GOAL OF THE EXERCISE:
The task calls for the line containing "ViolethRosse Chat XXX in diretta" and all later lines, through the end of the entries below, to be set down exactly and without pictures.

(Items from a dataset)
◇ ◇ ◇
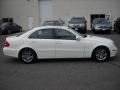 Alabaster White - E 320 Sedan Photo No. 2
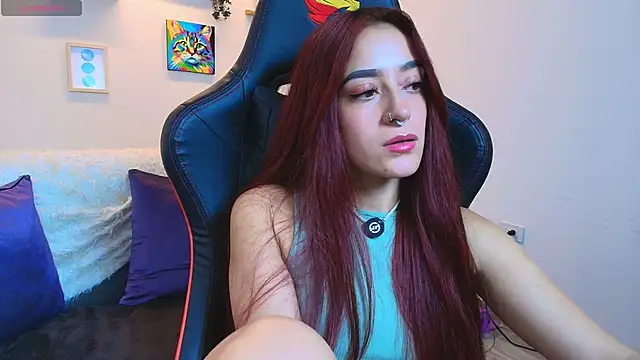 ViolethRosse Chat XXX in diretta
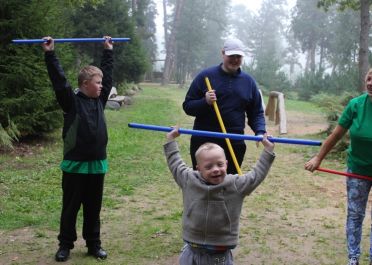 Išvyka į Taurų nuotykių parką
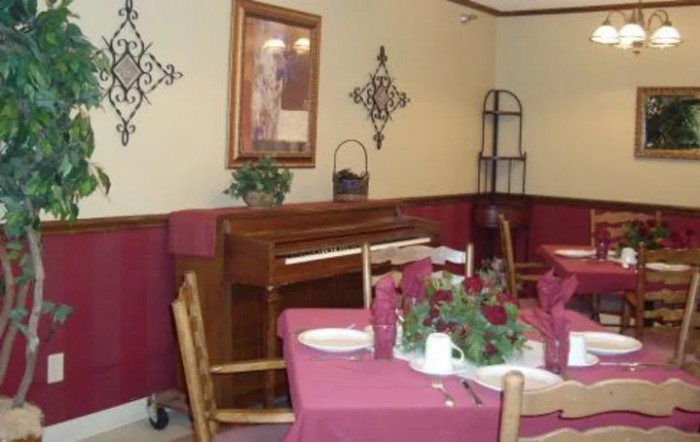 Middletown Nursing And Rehabilitation Center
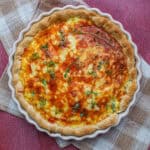 Quiche lorraine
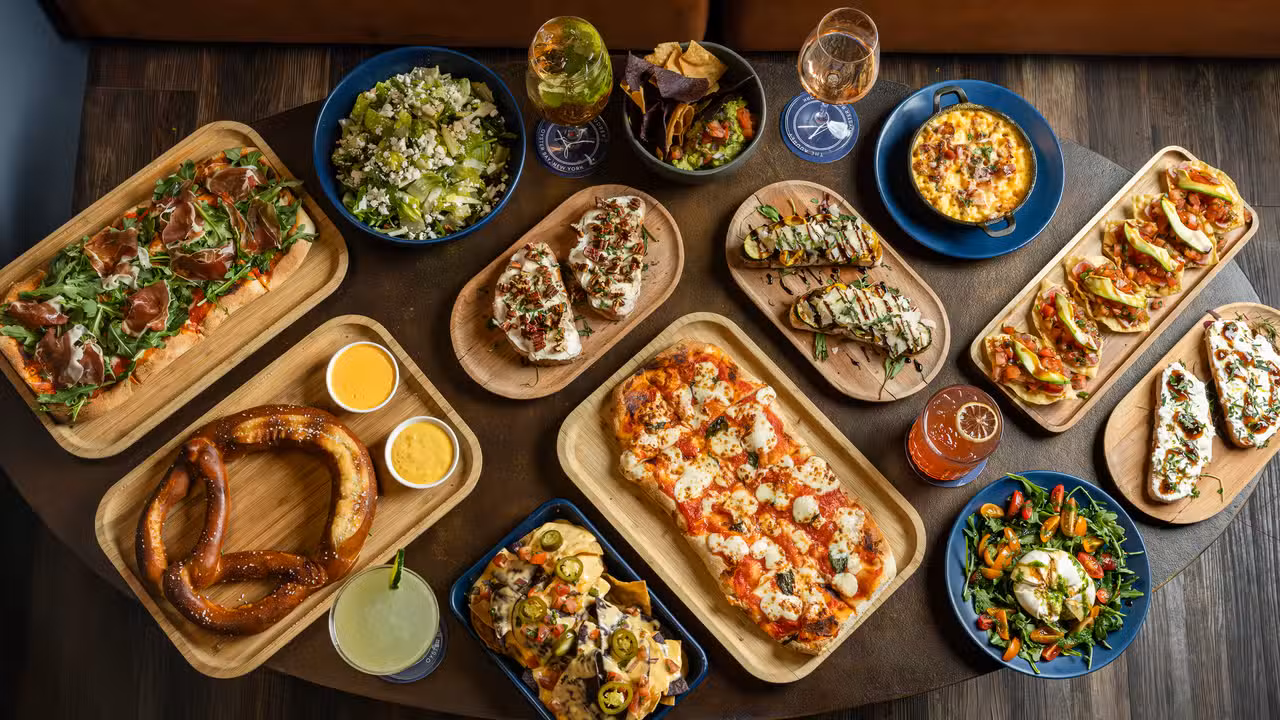 Food - The Audrey, Oyster Bay, NY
◇ ◇ ◇
RESPONSE:
 ViolethRosse Chat XXX in diretta
 Išvyka į Taurų nuotykių parką
 Middletown Nursing And Rehabilitation Center
 Quiche lorraine
 Food - The Audrey, Oyster Bay, NY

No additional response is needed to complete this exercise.